Scotland is making great steps forward to ensure that cinemas are more available to those with hearing impairment and other additional support needs.
Whether you’re alone or with friends; watching the latest Hollywood blockbuster or an indie award-winner, everyone loves the cinema. It’s an activity enjoyed by millions of people every year. However, this experience is something that people with hearing impairments can struggle to enjoy in much the same way.
There are many thousands of people living in Scotland with hearing impairments, lots of whom would love to be involved in these outings but can’t, because of a lack of subtitled showings.
But, the good news is, this may be subject to change. In recent years Scotland has made incredible strides in improving this experience. In 2015, Visible Cinema was established in Glasgow and this was quickly followed by the UK’s BSL National plan in 2017.
Visible Cinema is a monthly event held at the Glasgow Film Theatre for both deaf and hard of hearing audiences. The service is designed to address some of the shortcomings of cinema access and provides a relaxed environment where deaf or hard of hearing people can enjoy a wide range of films. Each month, it provides captioned and subtitled screenings followed by post-film discussions with guest speakers and speech to text services.
The event runs in partnership with Film Hub Scotland and Solar Bear – organisations dedicated to making media arts fully inclusive. This scheme was the first of its kind in Scotland and has progressed over the years, inspiring other media outlets such as Deaffest – the UK’s leading deaf arts and film festival and deaf youth theatre.

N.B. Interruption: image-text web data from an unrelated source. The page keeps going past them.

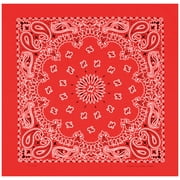 Large Bandanas 27 x 27 | Versatile Biker Rags | Classic Paisley Bandana Pattern
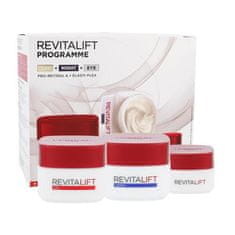 Loreal Paris Revitalift Set dnevna nega kože 50 ml + nočna nega kože 50 ml + krema za področje okoli oči 15 ml za ženske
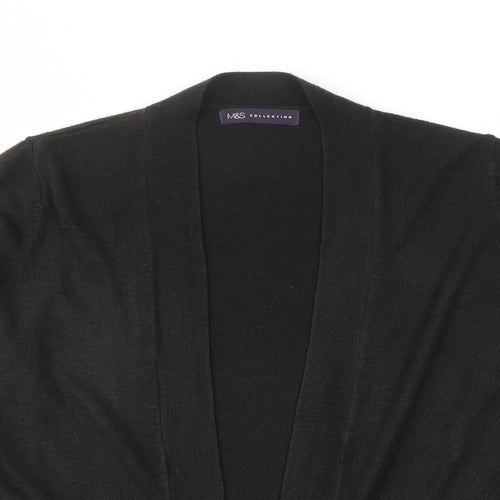 Marks and Spencer Womens Black V-Neck Acrylic Cardigan Jumper Size L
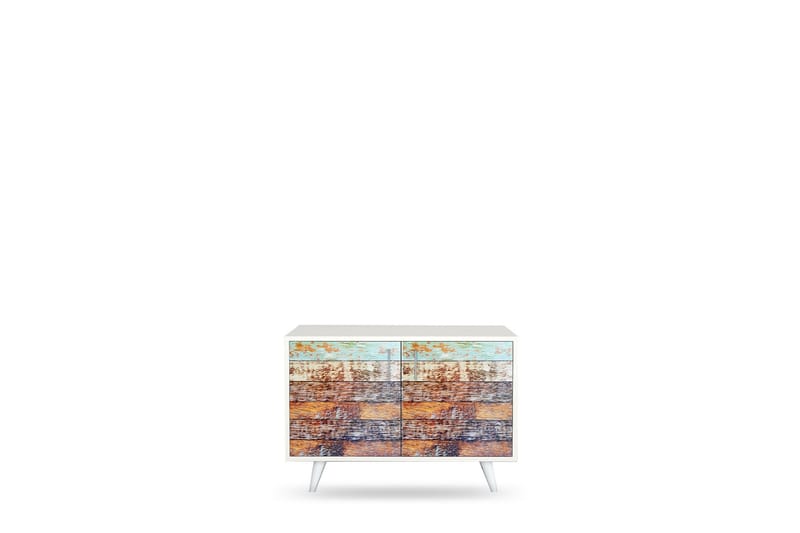 Skoskåp Tasarima 50x100 cm - Flerfärgad/Vit - Förvaring - Hallförvaring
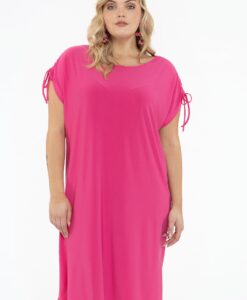 Yoek Jurk met strikjes | Roze | Maat 50/52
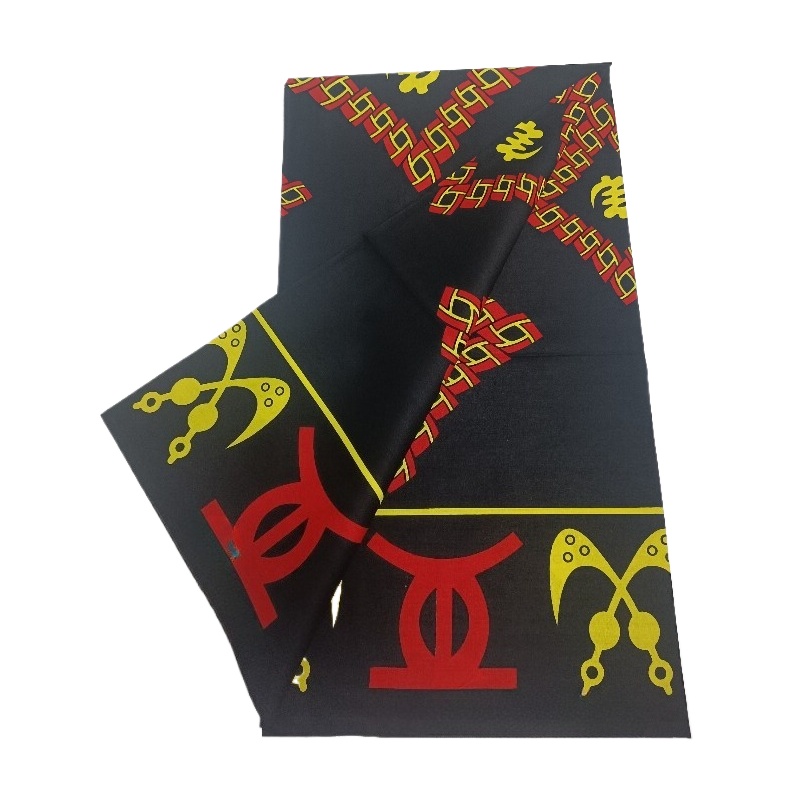 6yards Latest African Wax Fabr - Sewing Batik Fabric 评论和价格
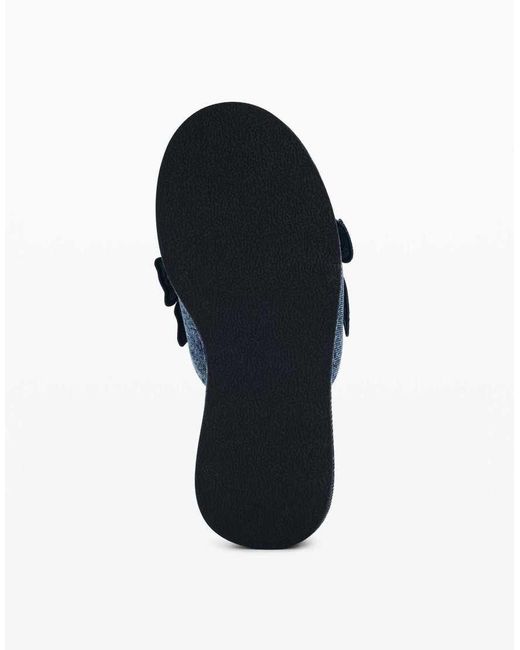 Desigual Blue Denim Platform Sandal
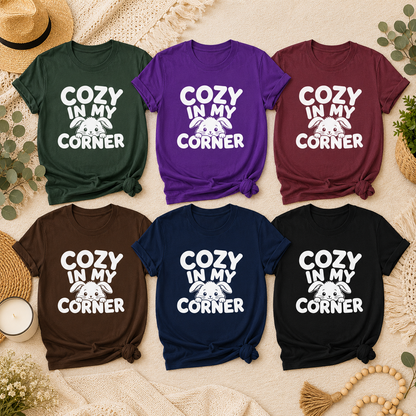 Cozy in My Corner Mouse T-Shirt, Cute Small Pet Graphic Tee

The ambition of Visible Cinema to explore how the overall cinema experience can be enriched for people who may have felt excluded. They decided it was time to challenge the inconsistent amount of captioned films produced today. Most importantly, Visible Cinema is also working to improve awareness for better cinema access and has enabled cinema to become more diverse for all within Scotland.
Visible Cinema attendee-turned-curator, Bea Webster, said:
“I think it’s so vital because not only the film is accessible, the post show talks can enrich and expand our knowledge of film culture. I remember being younger with very little captioned film options, I used to go to the cinema with my hearing friends, but feeling left out because I couldn’t talk to them if I didn’t know what the film was about”.
As more work is done to further improve services, the media can be a vital tool – in raising awareness, countering stigma and misinformation. It can be a powerful force, and, when used correctly, can help dispel negative stereotypes around those with disabilities.
As well as this, options can also be developed on how best to present people with disabilities within the media and more emphasis can be put on supporting networks already in place. This in turn means that Scotland remains a country that provides incisive and diverse access for all, and that everyone can watch the latest films, regardless of who you are.